Bei derartigen Versuchen muß natürlich das zu prüfende Mineral von ihm etwa
anhängender kohlensaurer Bittererde oder kohlensaurem Kalk frei seyn, welche beide
eine alkalische Reaction veranlassen würden, insbesondere die erstere. Auch darf der
anzuwendende Mörser weder von Glas noch Wedgewoodgeschirr seyn, weil beim Abreiben
derselben das kohlensaure Wasser alkalihaltig werden könnte.
5) Die leichte Zersetzbarkeit und Auflöslichkeit des Bittererdesilicats und der
kieselsauren Kalk-Bittererde durch kohlensaures und sogarreines Wasser ist
eine wichtige Thatsache; sie erklärt uns die rasche Zersetzung der Gebirgsarten,
welche hauptsächlich aus Hornblende, Epidot, Chlorit etc. bestehen, ohne daß dazu
ein Alkali mithilft; es ist uns nun erklärlich, daß derartige Gesteine durch
meteorische Wirkungen oft schneller zersetzt werden als sogar der Feldspath. Durch
diese Thatsache wird uns ferner begreiflich, wie die Pflanzen mit der erforderlichen
Kalk- und Bittererde aus solchem Boden versehen werden, worin diese Erden als
Silicate vorkommen, ohne daß wir eine geheimnißvolle Zersetzungskraft der
Pflanzenwurzeln anzunehmen brauchen.
6. Bei diesen Untersuchungen beobachteten wir auch die merkwürdige und lehrreiche
Thatsache, daß Anthracit, Braunkohlen und Lignit mittelst obiger
Fleckenprobe auf Platinblech sich alkalihaltig zeigen, während die Asche dieser
Brennmaterialien bei ähnlicher Behandlung keine Spur von Alkali liefert; die
Abwesenheit desselben ist daher nur eine Folge der hohen Temperatur, wobei sich die
Asche bildete.
7. Ein anderes interessantes Resultat ist die Thatsache, daß beim Auslaugen fein
gepulverten Holzes mit kohlensaurem Wasser, demselben
kohlensaures Kali entzogen wird. Dieß ist insbesondere bei Ahorn-,
Eichen- und Wallnußbaum-Holz der Fall. Bisher glaubte man, daß das
Alkali aus dem Holz nur durch Einäschern desselben abgeschieden werden könne.

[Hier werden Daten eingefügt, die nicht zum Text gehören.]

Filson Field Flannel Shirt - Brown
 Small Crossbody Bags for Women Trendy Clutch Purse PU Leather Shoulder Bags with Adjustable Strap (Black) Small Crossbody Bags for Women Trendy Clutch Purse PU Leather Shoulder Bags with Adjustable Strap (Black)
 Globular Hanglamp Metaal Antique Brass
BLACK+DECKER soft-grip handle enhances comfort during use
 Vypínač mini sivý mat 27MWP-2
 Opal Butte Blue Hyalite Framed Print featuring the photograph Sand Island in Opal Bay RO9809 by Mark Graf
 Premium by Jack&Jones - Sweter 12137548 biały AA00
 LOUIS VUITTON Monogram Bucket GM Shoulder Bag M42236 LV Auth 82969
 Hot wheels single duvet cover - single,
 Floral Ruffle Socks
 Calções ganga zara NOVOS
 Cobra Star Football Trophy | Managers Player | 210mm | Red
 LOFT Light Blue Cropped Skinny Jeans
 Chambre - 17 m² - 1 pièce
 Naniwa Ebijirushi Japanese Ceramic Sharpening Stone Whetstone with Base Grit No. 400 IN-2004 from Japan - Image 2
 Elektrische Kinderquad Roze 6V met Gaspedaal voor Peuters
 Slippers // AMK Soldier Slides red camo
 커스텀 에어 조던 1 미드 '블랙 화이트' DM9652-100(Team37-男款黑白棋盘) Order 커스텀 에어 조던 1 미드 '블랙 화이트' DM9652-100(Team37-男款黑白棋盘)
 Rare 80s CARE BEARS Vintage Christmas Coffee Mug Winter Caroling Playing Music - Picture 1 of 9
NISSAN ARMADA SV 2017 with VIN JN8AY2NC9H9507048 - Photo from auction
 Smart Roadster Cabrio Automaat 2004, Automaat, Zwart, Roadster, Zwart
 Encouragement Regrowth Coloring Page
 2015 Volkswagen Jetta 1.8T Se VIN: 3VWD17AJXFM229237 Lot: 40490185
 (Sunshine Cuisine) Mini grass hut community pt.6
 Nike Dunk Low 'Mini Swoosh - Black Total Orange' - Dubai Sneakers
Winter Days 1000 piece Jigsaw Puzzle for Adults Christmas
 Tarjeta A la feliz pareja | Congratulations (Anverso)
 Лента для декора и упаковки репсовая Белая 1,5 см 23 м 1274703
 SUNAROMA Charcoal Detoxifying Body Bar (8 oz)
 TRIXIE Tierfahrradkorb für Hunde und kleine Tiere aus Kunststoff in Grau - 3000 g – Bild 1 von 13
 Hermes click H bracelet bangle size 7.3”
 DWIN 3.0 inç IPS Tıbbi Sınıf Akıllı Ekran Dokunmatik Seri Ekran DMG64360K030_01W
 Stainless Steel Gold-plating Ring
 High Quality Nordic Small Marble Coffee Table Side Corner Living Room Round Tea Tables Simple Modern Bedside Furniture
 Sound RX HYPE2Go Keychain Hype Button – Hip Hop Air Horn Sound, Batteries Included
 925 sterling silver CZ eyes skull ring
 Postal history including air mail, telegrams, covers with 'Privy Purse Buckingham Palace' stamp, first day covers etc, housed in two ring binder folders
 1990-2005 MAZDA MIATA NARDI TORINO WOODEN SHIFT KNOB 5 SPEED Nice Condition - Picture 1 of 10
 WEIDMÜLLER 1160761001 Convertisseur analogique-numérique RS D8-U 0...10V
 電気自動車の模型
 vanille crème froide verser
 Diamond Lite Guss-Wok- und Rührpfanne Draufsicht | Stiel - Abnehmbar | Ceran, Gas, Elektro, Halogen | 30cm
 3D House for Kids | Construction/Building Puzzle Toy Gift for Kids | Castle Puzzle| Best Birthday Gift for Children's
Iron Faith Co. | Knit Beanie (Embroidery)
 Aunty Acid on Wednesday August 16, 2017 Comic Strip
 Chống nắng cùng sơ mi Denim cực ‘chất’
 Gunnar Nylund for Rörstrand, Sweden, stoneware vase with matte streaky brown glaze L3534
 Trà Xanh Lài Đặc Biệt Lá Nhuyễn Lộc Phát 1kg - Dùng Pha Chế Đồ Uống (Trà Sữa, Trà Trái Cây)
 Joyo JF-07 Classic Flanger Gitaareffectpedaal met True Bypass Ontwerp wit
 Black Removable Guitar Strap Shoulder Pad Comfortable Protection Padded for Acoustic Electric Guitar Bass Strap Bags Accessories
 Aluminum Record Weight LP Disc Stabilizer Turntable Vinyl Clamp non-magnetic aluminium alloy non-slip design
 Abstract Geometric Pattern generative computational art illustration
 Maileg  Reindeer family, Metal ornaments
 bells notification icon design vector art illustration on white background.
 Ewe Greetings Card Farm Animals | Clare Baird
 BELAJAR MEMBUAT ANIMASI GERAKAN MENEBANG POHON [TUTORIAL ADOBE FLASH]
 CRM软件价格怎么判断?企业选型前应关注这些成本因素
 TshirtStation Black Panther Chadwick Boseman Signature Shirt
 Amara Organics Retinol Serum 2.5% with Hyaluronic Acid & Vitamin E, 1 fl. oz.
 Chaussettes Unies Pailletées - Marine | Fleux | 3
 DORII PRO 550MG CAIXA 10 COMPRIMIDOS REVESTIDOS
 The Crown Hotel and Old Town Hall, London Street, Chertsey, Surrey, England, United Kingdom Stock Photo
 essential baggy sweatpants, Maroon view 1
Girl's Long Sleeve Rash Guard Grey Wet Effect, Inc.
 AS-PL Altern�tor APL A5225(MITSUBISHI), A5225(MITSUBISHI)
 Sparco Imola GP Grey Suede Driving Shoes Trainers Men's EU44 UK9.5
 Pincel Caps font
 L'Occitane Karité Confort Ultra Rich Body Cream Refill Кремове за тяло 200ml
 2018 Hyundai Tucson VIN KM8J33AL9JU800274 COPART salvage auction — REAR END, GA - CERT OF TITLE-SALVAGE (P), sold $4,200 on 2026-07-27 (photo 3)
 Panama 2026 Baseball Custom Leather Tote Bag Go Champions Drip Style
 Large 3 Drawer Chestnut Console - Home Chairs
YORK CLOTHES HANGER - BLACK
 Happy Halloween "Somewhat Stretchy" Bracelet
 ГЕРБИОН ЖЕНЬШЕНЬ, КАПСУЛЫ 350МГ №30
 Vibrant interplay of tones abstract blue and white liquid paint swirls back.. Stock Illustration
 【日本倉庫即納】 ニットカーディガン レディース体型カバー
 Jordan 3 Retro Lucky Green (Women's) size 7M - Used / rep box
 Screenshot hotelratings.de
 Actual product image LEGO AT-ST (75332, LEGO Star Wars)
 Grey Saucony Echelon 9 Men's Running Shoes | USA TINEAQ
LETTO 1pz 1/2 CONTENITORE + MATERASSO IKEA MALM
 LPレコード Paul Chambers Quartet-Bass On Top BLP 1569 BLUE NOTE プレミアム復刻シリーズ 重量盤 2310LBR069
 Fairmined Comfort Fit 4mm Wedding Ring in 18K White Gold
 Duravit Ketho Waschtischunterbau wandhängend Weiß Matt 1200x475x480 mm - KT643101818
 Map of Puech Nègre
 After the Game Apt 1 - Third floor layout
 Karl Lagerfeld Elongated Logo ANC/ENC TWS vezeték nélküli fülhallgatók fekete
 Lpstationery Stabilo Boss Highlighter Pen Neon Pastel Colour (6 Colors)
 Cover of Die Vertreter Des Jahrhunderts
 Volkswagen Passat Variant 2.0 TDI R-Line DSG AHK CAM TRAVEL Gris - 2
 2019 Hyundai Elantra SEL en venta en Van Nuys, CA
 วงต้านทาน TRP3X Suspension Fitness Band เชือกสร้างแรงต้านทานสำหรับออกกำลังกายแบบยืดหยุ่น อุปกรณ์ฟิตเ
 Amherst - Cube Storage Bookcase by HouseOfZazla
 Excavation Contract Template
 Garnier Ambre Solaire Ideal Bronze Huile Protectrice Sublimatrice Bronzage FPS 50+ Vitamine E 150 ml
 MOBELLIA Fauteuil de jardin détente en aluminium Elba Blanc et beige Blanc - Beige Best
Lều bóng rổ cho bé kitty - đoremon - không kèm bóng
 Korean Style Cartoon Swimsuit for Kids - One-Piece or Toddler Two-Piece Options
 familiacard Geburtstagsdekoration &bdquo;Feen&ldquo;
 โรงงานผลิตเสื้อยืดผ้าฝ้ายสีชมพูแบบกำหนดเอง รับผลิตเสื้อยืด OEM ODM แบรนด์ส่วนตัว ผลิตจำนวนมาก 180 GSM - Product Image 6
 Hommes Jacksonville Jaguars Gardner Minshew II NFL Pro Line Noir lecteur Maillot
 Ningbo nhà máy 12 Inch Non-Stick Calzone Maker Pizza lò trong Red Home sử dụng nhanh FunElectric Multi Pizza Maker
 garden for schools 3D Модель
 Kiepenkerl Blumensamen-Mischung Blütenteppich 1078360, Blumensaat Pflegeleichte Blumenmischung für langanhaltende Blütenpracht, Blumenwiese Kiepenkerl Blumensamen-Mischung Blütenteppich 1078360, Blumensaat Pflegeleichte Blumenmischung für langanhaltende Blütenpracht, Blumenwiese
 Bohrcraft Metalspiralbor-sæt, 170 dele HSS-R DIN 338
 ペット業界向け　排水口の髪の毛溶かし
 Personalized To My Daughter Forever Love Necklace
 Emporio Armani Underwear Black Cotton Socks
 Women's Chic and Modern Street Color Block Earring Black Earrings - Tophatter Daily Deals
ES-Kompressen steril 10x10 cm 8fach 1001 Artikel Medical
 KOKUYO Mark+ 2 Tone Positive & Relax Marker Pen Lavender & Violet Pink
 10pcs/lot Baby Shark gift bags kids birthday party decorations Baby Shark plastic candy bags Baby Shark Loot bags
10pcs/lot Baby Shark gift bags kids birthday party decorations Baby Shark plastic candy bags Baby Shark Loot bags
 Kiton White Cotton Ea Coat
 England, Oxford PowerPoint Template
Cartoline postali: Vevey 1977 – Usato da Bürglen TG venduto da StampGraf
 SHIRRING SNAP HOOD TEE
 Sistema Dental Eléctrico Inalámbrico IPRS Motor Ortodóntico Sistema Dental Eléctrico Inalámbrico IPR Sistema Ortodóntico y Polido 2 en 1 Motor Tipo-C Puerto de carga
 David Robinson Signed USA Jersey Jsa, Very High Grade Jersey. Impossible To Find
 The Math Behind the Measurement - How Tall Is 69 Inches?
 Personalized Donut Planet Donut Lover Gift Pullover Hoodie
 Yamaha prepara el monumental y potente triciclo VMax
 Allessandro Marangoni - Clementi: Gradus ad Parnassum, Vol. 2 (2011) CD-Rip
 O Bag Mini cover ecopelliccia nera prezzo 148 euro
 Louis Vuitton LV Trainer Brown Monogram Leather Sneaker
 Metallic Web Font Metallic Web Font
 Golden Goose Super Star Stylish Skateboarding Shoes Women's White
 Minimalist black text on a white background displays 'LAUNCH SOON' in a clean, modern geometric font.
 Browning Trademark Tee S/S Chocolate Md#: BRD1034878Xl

Da nach unseren Versuchen reines und kohlensaures Kali und Natron, besonders aber
kohlensaures Kali, bei starker Rothglühhitze so schnell verdampfen, so vermuthen
wir, daß bisher der Alkaligehalt der Pflanzen bei den meisten Analysen zu gering
gefunden wurde, weil beim Einäschern der Pflanzen nicht selten die Hälfte ihres
Alkaligehalts verloren gehen kann.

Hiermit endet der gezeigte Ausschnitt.